Zunächst ist es wichtig, eine Unterscheidung zwischen drei Arten von Priming zu treffen:

 

1.) Wortpriming: In einem Experiment las eine Gruppe Teilnehmer:innen Listen mit positiven und eine andere Gruppe Teilnehmer:innen Listen mit negativen Eigenschaftswörtern. Anschließend wurden beide Gruppen gebeten, eine neutrale Person zu beschreiben. Das Ergebnis war, dass  Teilnehmer:innen, die zuvor positive Begriffe gelesen hatten, die Person positiver beschrieben haben, als jene, die mit negativen Begriffen „geprimt“ wurden [vgl. Higgins, Rholes & Jones, 1977].

 

2.) Visuelles Priming: Eine Studie zeigte, dass Menschen, die Bilder von Geldscheinen sahen, danach weniger hilfsbereit waren. Der Gedanke an Geld verstärkte das Bedürfnis nach Unabhängigkeit und reduzierte die soziale Kooperationsbereitschaft [vgl. Vohs, Mead & Goode, 2006].

 

3.) Verhaltenspriming: Wenn Menschen zuvor Begriffe wie „Höflichkeit“ oder „Geduld“ gelesen hatten, unterbrachen sie eine andere Person in einer Konversation seltener als jene, die Begriffe wie „Ungeduld“ oder „Unhöflichkeit“ gelesen hatten [vgl. Bargh et al., 1996].

Priming wird schon jahrelang in der Wissenschaft untersucht und es wird viel geforscht auf diesem Gebiet. Eines der bekanntesten Experimente wurde vom Sozialpsychologen John Bargh im Jahr 1996 durchgeführt. Im sogenannten Floridaexperiment musste eine Gruppe der Versuchteilnehmer:innen aus einer Wortreihe Sätze bilden, die typischerweise mit „hohem Alter“ assoziiert werden. Anschließend wurden die Versuchspersonen gebeten, im Raum herumzugehen. Man konnte beobachten, dass die Teilnehmer:innen, die im Vorfeld mit Worten zu „hohem Alter“ Sätze gebildet hatten, um einiges langsamer gingen, als die Teilnehmer:innen, die neutrale Worte verwendet haben. Bargh sah dies als Beweis für das vorab durchgeführte Priming an.
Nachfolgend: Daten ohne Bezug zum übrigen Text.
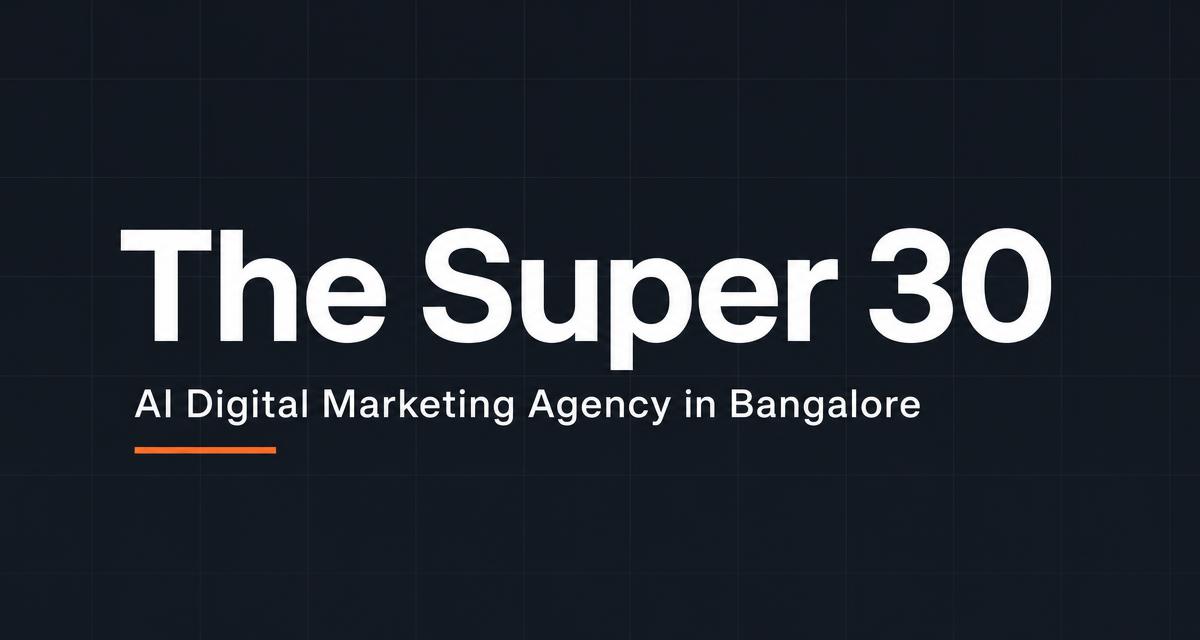Google Ads Agency in Bangalore | PPC Service | Upto 10X ROAS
Ein ähnliches Experiment wurde von Psycholog:innen durchgeführt, die einer Gruppe Teilnehmer:innen einen Film einer Schildkröte zeigten und der anderen Gruppe einen Film eines Geparden. Im Anschluss sollten beiden Gruppen einschätzen, wie schnell sie eine neutral gehende Person am Bildschirm einschätzen. Die Personen, die den Film mit der Schildkröte gesehen haben, schätzten die Person viel langsamer ein, als jene, die den Geparden durchs Bild laufen sahen. Auch das ist auf das Priming zurückzuführen. Spannend, nicht wahr? 
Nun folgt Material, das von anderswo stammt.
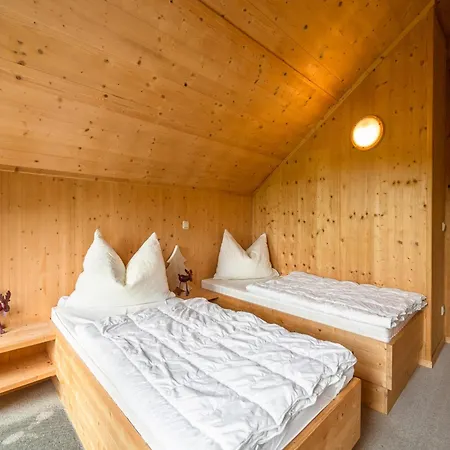 In St Georgen Ob Murau Nahe Skigebiet Alpehytte Sankt Georgen ob Murau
John Bargh hat im Laufe seiner Forschung noch mehr Experimente zum Thema Priming durchgeführt. Er wollte wissen, welchen Unterschied ein warmes oder kaltes Getränk auf Entscheidungen bei der Einstellung von Personen macht. Seine Versuche haben gezeigt, dass wenn man einer Person ein warmes Getränk serviert, diese Person freundlicher gestimmt ist, als jene, die ein kaltes Getränk vor sich stehen hat. Das warme Getränk ist somit der primende Reiz. In Barghs Experiment hatten die Versuchspersonen die Aufgabe darüber zu entscheiden, ob sie die Assistentin von John Bargh spontan als Mitarbeiterin einstellen würden oder nicht. Das spannende Ergebnis: Der vorherige Kontakt zu einem warmen Getränk führte zu wohlwollenden, positiven Urteilen über John Barghs Assistentin, das kalte Getränk hingegen zu einer eher ablehnenden Haltung. Wenn du also vor einem schwierigen Gespräch oder einem Bewerbungsgespräch stehst, kann es hilfreich sein dem Gegenüber zuerst ein warmes Getränk zu servieren 😉.
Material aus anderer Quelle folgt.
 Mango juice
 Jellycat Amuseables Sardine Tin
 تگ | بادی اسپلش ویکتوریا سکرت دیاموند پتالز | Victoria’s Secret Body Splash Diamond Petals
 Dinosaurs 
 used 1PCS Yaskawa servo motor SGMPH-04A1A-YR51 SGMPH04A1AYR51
Christa Kolodej hat sich in ihrem eingangs erwähnten Buch „Priming – stärkende Räume entstehen lassen“ intensiv mit der Frage beschäftigt, worauf es bei der Gestaltung von Räumen ankommt und wie man sich hier Priming zu Nutze machen kann. Für Coaches ist hier spannend, dass es positiv zur Konfliktlösung beitragen kann, wenn die Coachees auf einem weichen, statt einem harten Sessel sitzen und dass es angenehmer ist, wenn die Sessel nicht frontal gegenüber stehen, sondern leicht schräg, um den Raum zu öffnen und kein Gefühl von Konfrontation zu erzeugen. Das Wissen um Priming kann somit im Coaching gezielt genutzt werden, um positive Veränderungen im Coachingprozess zu fördern. Wenn Klient:innen z.B. mit Worten und Bildern konfrontiert werden, die Optimismus und Erfolg vermitteln, können sie mit größerer Wahrscheinlichkeit positive Denkmuster entwickeln. In Konfliktsituationen kann das bewusste Einsetzen ruhiger und empathischer Sprache dazu beitragen, die Wahrnehmung zu verändern und eine deeskalierende Wirkung zu erzielen. Auch die Motivation kann durch Priming positiv beeinflusst werden. Wenn nötig können Sportler:innen oder Führungskräfte durch gezieltes Priming in einen leistungsfördernden Zustand versetzt werden, indem sie mit Begriffen oder Bildern arbeiten, die Energie und Selbstvertrauen aktivieren.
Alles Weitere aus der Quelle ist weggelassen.